On the face of it, organ donation seems so proper -- so right -- that we need only be reminded of it the way we might remind a child to share his M&Ms. Even the tag line on the Coalition for Donation Web site sounds like a mother's gentle admonition: "Remember, share your life."

But beneath the skin of sunny catch phrases is a turbid soup of moral, ethical, psychological and spiritual unease. According to Reg Green, 90 percent of Americans favor organ donation -- but given the opportunity, only 30 percent actually follow through. The Coalition on Donation puts the number closer to 50 percent, but the drop-off is still steep. Something is holding us back.

For some people, organ sharing violates sacred beliefs. Romany Gypsies have traditionally believed that after death, the soul retraces its steps, and because the soul maintains its physical shape, the body must remain intact; certain Native American tribes hold similar beliefs. In Japan, Shinto worshipers regard the dead body as impure and dangerous, and regard injury to the body as a serious crime. Still, nearly all the major religions of the world endorse organ donation. The drop-off between belief and action occurs elsewhere, in that place where we are forced to confront issues of bodily integrity and human solidarity. This confrontation originates with the individual, but often extends to family members left behind to make organ donation decisions.

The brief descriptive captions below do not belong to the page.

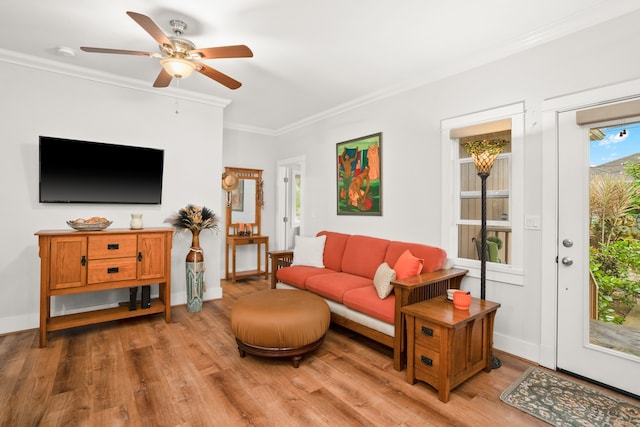 living room with hardwood / wood-style floors, ceiling fan, and crown molding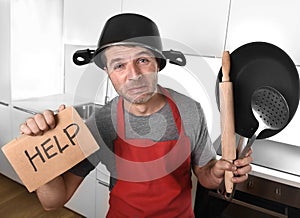 Funny man holding pan with pot on head in apron at kitchen asking for help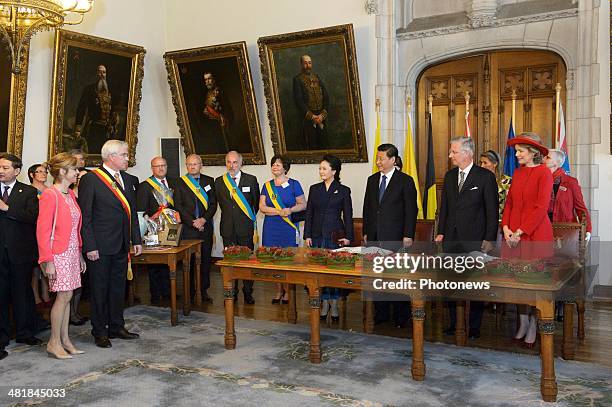 First Lady Xi-Peng Liyuan, Chinese President Xi Jinping, King Philippe and Queen Mathilde during a reception on April 1, 2014 in Bruges, Belgium.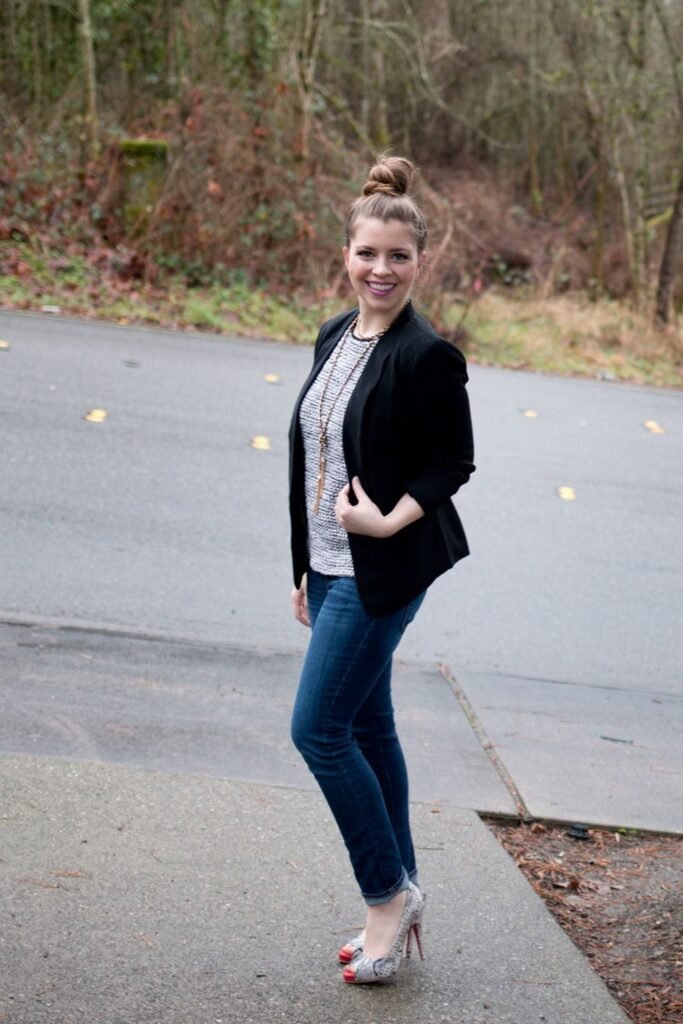 Black Blazer + Black and White Textured Top + Dark Blue Skinny Jeans + Grey Snakeskin Print Heels + Long Gold Necklace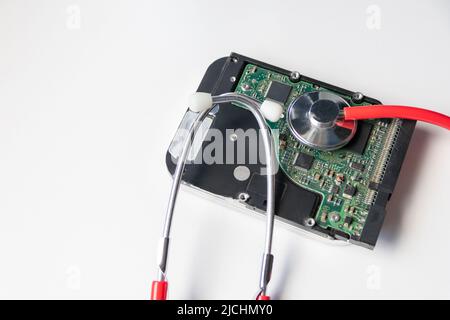 Lo stetoscopio rosso con unità disco rigido interna hdd contiene record di stato e dati paziente sensibili con controllo medico hardware e violazione dei dati di riposo Foto Stock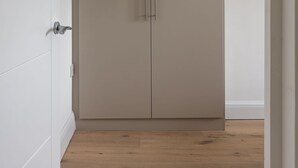 Ein geschlossener Kleiderschrank mit Griff, eine weiße Wand und ein Holzboden.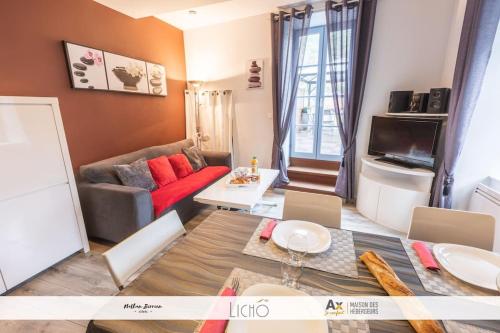 a living room with a couch and a table at T3 Calimero Ax le Régina classé clé vacances 6 couchages in Ax-les-Thermes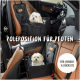 Ein kleiner weißer Hund sitzt in einem schwarzen Autositz für Haustiere in einem Luxusfahrzeug. Der Text lautet: "POLEPOSITION FÜR PFOTEN" und "FÜR VORDER- & RÜCKSITZ."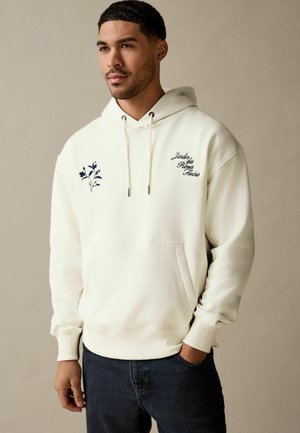 Cream hoodie with front pocket, drawstring hood, and navy floral embroidery on the left chest. Features ribbed cuffs and hem.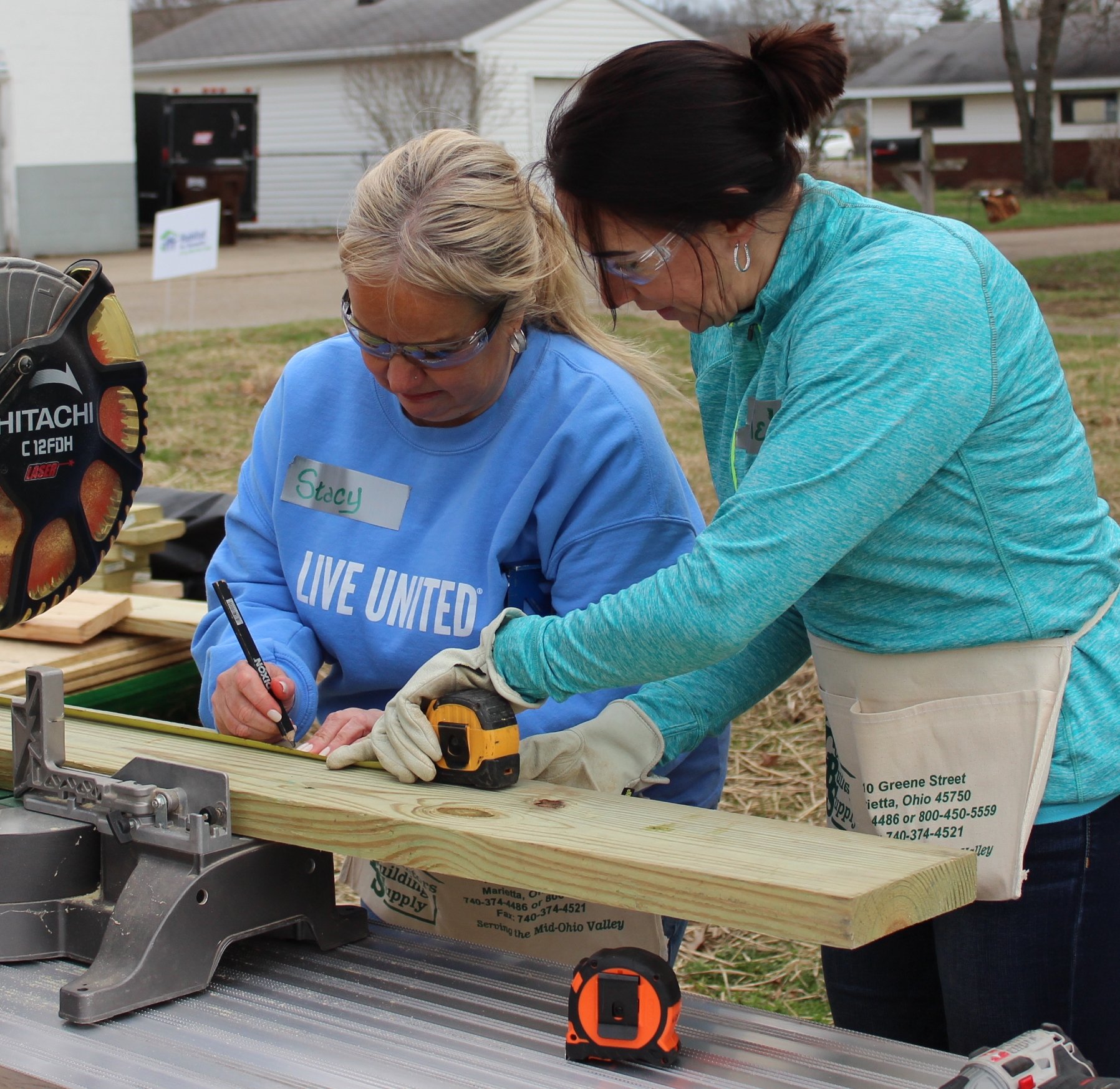 Women Build volunteers cutting 2x4's to use on a shed build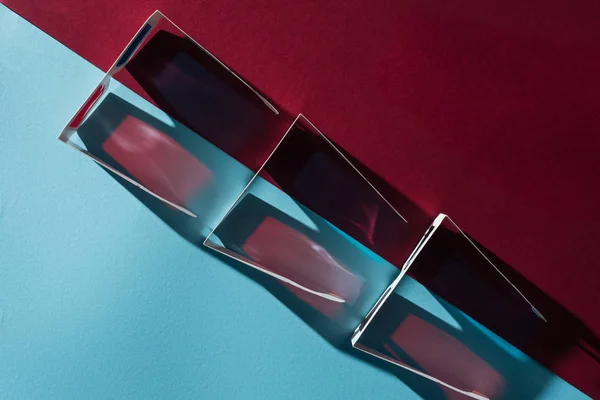 Vue du dessus des verres en carton 3d en rangée avec des ombres sur fond bleu et bordo — Photo de stock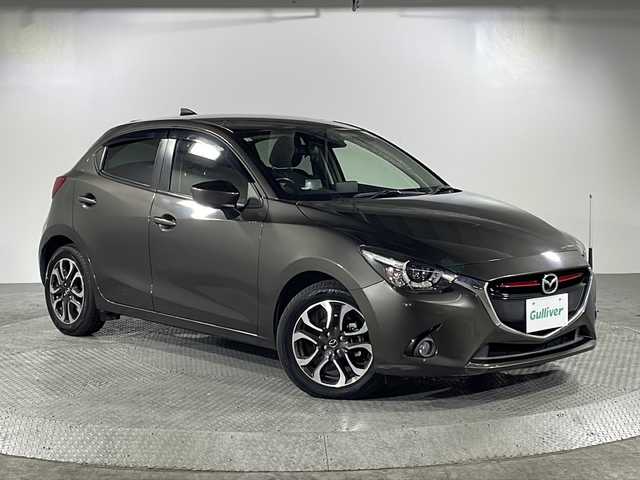 マツダ デミオ XD ツーリング 沖縄県 2016(平28)年 1.6万km チタニウムフラッシュマイカ 県外仕入れ　/禁煙車/純正ナビ/・ＣＤ／ＤＶＤ／フルセグＴＶ／Ｂｌｕｅｔｏｏｔｈ/バックカメラ/ヘッドアップディスプレイ/純正１６インチアルミ/シートヒーター/ＥＴＣ/クルーズコントロール/スペアキー/USB/保証書/取扱説明書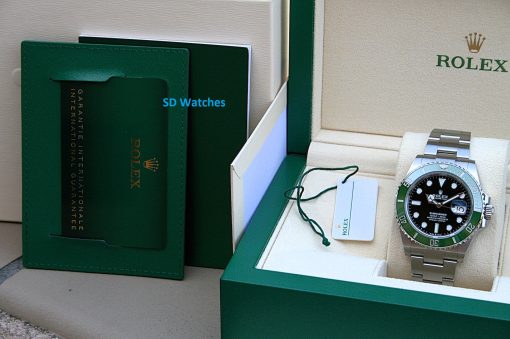 IMG_6788 | SD Watches Rolex watch in a green presentation box with accompanying tags and booklet visible inside the box shelf edge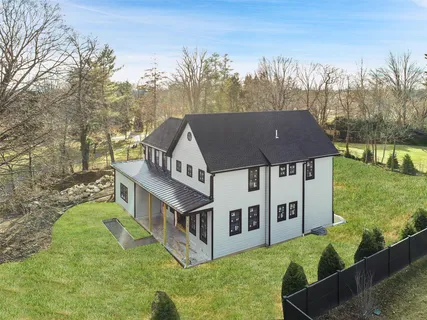 a aerial view of a house with a big yard and large trees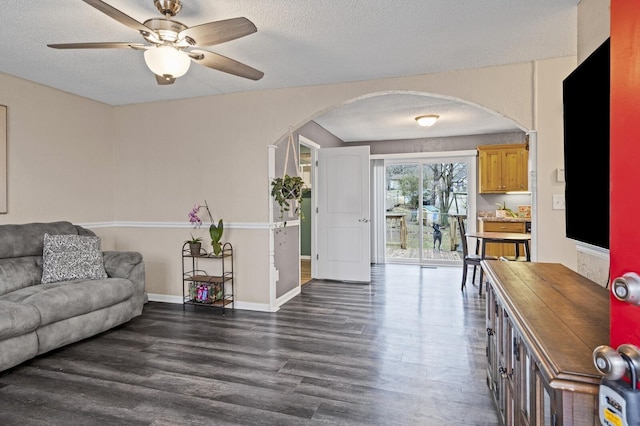 living room featuring ceiling fan, dark wood-type flooring, and a textured ceiling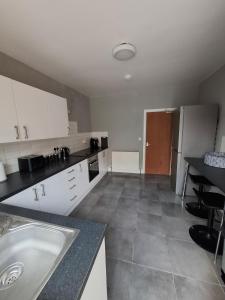 a kitchen with white cabinets and a counter top at Alice House Long stays in Sunderland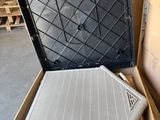 une boîte contenant un ordinateur portable, posée par terre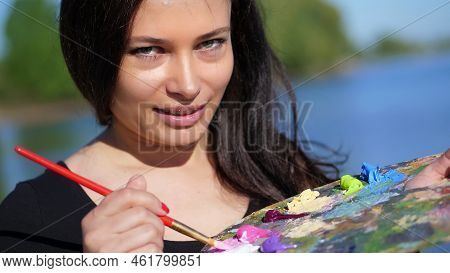 Summer, Outdoors, Portrait Of A Beautiful Forty Years Old Brunette Woman Artist, Close-up Of A Palet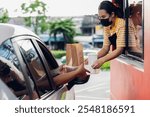 Hand Man in car receiving coffee in drive thru fast food restaurant. Staff serving takeaway order for driver in delivery window. Drive through and takeaway for buy fast food for protect covid19.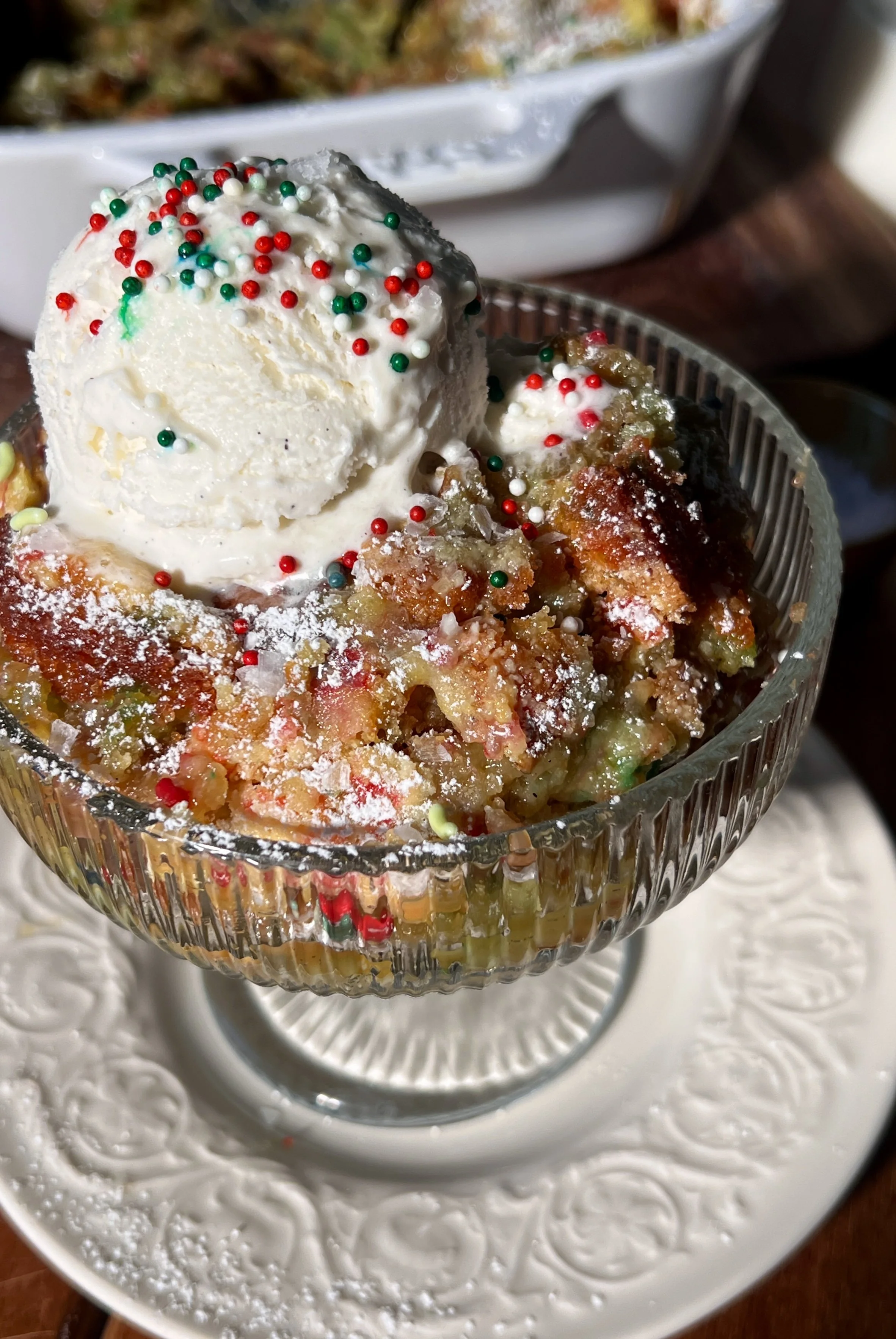 Warm slice of sugar cookie gooey butter cake with a soft sugar cookie base, a gooey cream cheese topping, a crackly golden surface, and a scoop of vanilla ice cream melting beside it.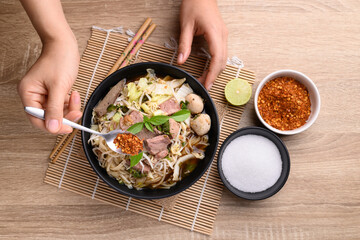 Rice noodle soup with pork, pork ball and vegetables in a bowl eating with chili, Thai noodles soup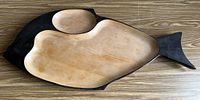 Top view of entire fish-shaped wooden platter showing compartments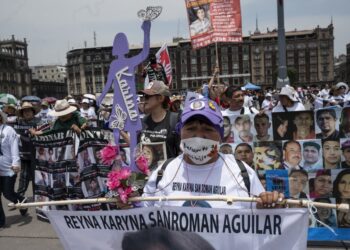 Mothers and relatives of missing persons in different states of Mexico carry signs with photos of their loved ones while participating in a march to demand that the government clarify the disappearances within the framework of Mother's Day in front of the National Palace at El Zocalo Square in Mexico City on May 10, 2024. (Photo by Yuri CORTEZ / AFP)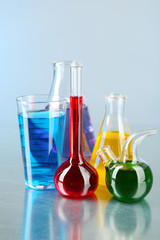 Different laboratory glassware with colorful liquid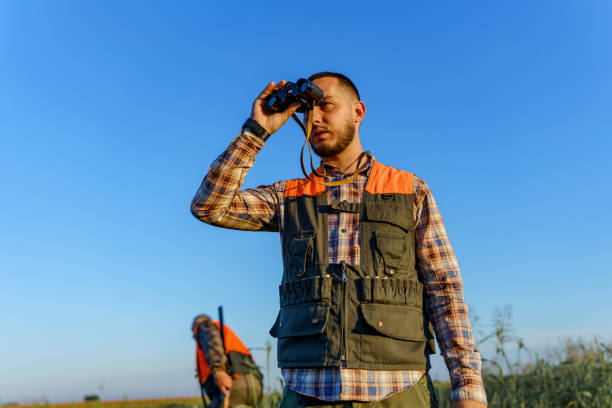istock Young and curious son looking through binoculars, while his mature hunter father is walking in the field and holding a rifle 1735232964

"There are, I think, some deep feelings of revulsion about organ donation," says Reg Green. "I quote a man in the book whose wife died. When his daughter suggested that they donate her organs, he said, 'Hasn't your mother suffered enough?'"

I have a friend who has worked as an emergency room nurse for years. She is a firm believer in organ and tissue donation, and has been actively involved in events promoting donor awareness. And yet, she tells me, she could never allow the harvest of her children's eyes. "Those eyes show me their souls," she says. "I cannot think of them without their eyes."

Another experienced nurse said the same thing about donating her own eyes. "I know that the body is not going to know a thing, but the idea of scooping the eyes out just seems so ugly -- it makes me uneasy. I can't agree to it." When her grandfather accidentally severed his finger, he had it placed in his burial plot so that "all his parts" would be in one place when he died. As nurses actively involved in organ harvest, they may hold contradictory positions, but those positions come from powerful places.